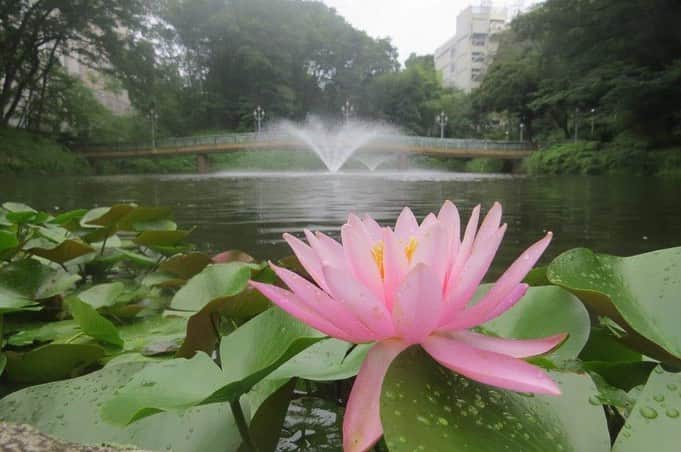 Soka Universityのインスタグラム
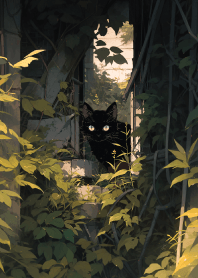 廢墟裡的可愛黑貓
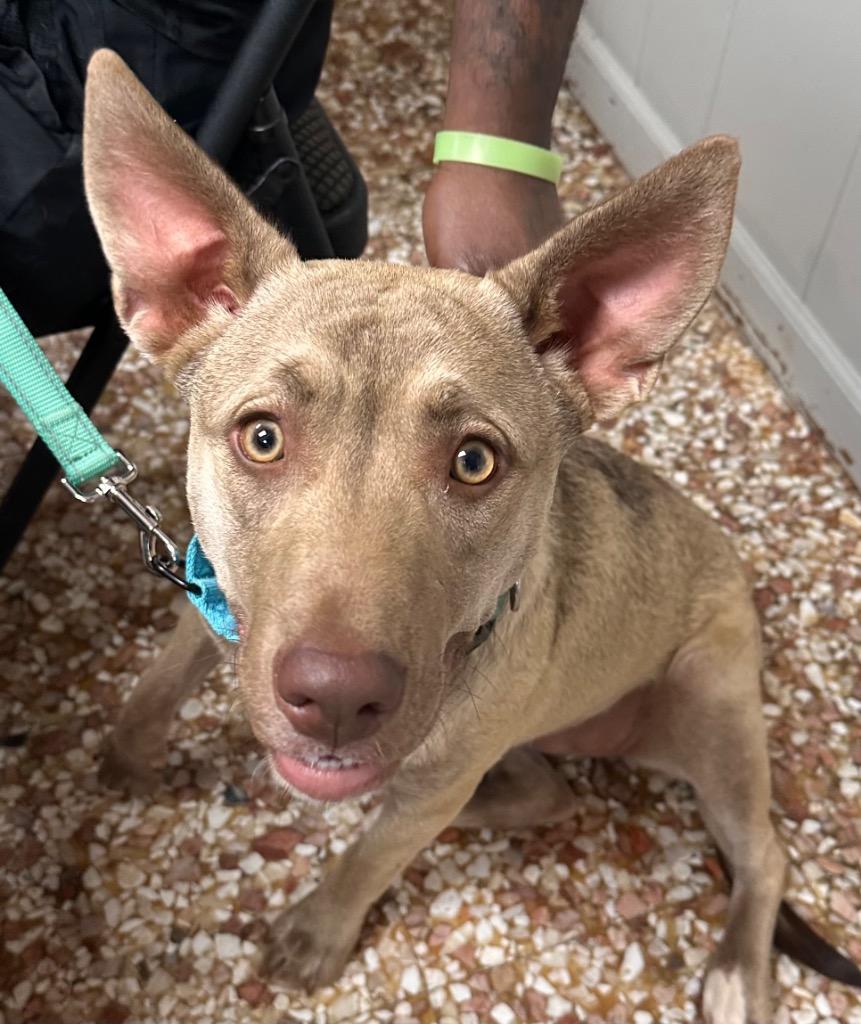 Enlarge Lucie, a Adoptable mixed breed in Newnan, GA image 4/4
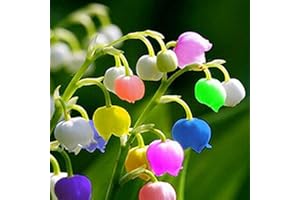 Saterkali Semillas de orquídeas de campana, 100 piezas Semillas de flores Embellecimiento anual No GMO Semillas de orquídeas de campana de alta germinación para exteriores Multicolor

#### [TASK TO COMPLETE]
Every line of the material must be returned exactly; leave the images out.

#### [ANSWER AREA]
 Soka Universityのインスタグラム
 廢墟裡的可愛黑貓
 Enlarge Lucie, a Adoptable mixed breed in Newnan, GA image 4/4
 Saterkali Semillas de orquídeas de campana, 100 piezas Semillas de flores Embellecimiento anual No GMO Semillas de orquídeas de campana de alta germinación para exteriores Multicolor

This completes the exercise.